Like the Ola and kGoal, the Limon is pressure-sensitive, so it vibrates more strongly the harder you squeeze its sides. 30 seconds into using it that way, I’m over the novelty. So instead I just program what I want. Which is fine… except it takes two hands to create a pattern, and the Limon is a slippery, lube-coated mofo.

This is reason #1 that I can’t love the Minna Limon: it’s too small and unruly for me.

I adore the shape, mind you — it pinpoints my clit while resonating my labia. And it’s comfortable enough to hold, but… it never lets me forget I am using a vibrator. Never. Its rotund shape and rumbly vibrations make it wiggle and writhe and try to escape my grasp. I have a theory about little clitoral vibrators like the Limon: their puny size means I get a lot of vibration in my hand, which makes it feel less stimulating because my focus is divided between my hand and my clit.

This is, perhaps, why my clit tends to prefer toys with handles nowadays. I know: I’m like a rickety old person stuck in her ways, but it’s hard to justify enduring all that hand vibration in exchange for a petite size. Honestly, I’ll make the Mona 2 work even in situations in which I should probably use something smaller.

Reason #2 is that the Limon really doesn’t have much range of vibration intensity. It sounds like it should, with the squeeze technology. But, all told, there are only about four discernible intensities… and I end up wanting the highest. The Limon is good for my first orgasm, when I’ve just escaped the snow, before I’ve become fatigued by holding something wriggly. But soon enough, itchy fingertips and the lack of vibration range conspire against me.

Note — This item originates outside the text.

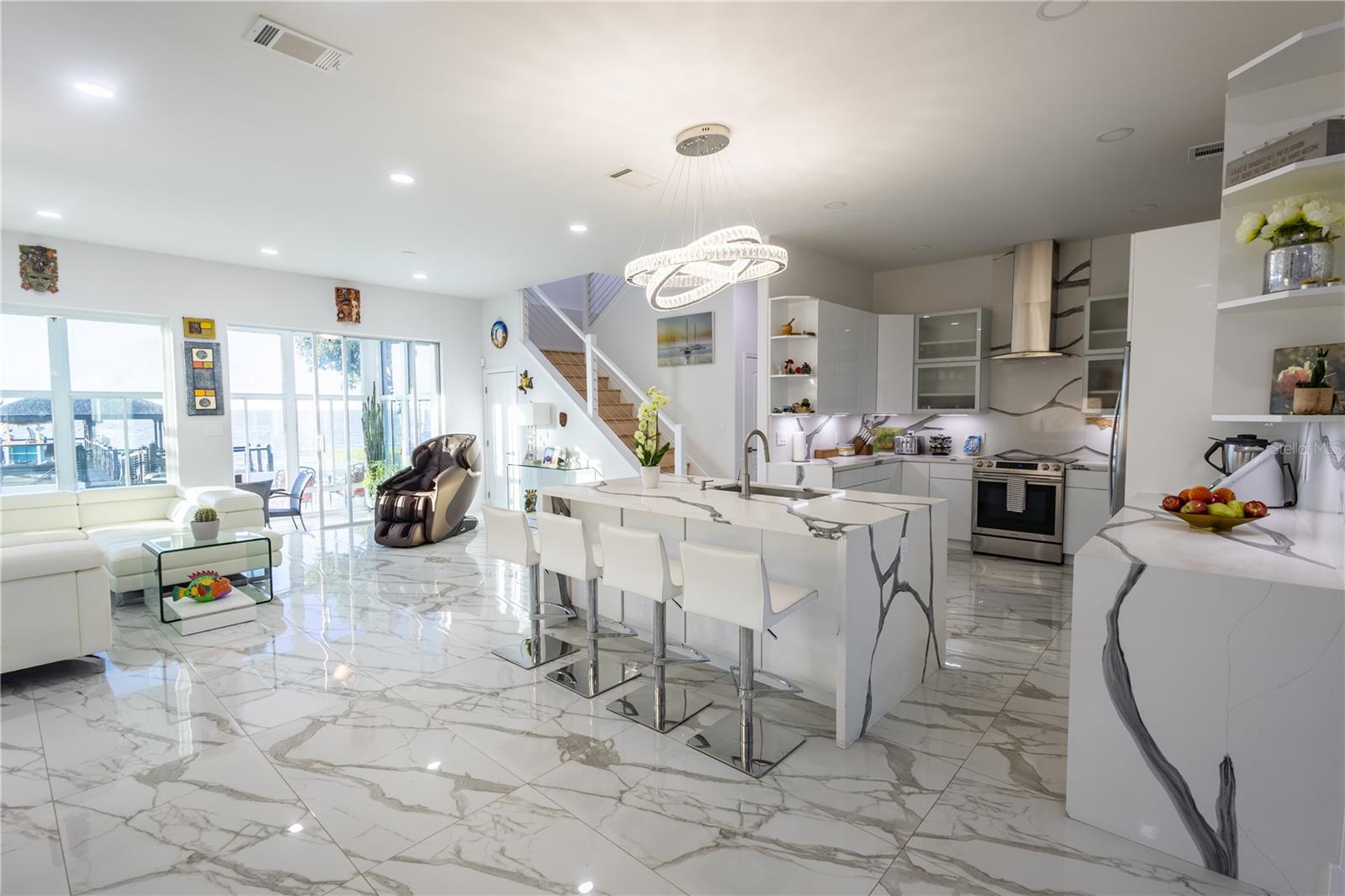 LAKEVIEW RESERVE 46/149 - Residential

The Minna Limon is not a bad toy. Not at all. It’s silicone, rechargeable, well-made, innovative, and unique. It’s stronger and rumblier than a lot of its competitors.2 For those less picky and jaded, or those who have different needs than me, it could be the ticket. If you covet the ability to create your own vibration pattern, and you don’t want a toy with a handle like the Ola, you’ll want the Limon. But if you just want a really good vibrator? The Mona 2 is stronger and doesn’t vibrate your fingers off.

One night I was hanging out with my friend JoEllen, and she off-handedly mentioned that her Limon rolled under her couch and she didn’t realize it was gone until a month later, and I think I screamed loudly in agreement. Because that’s exactly the Limon. It rolls under your couch and you never miss it. You find it and are marginally pleased — for a moment, you plan to use it in your next masturbation session. But when that session comes around, you forget it anew.

  1. Some complain that it’s too bright, like a night light, but I never charge my toys in places where they’ll disrupt my sleep cycle.
  2. See: Je Joue Mimi, Jimmyjane Form 4, LELO Mia 2, original LELO Siri, and Leaf Life.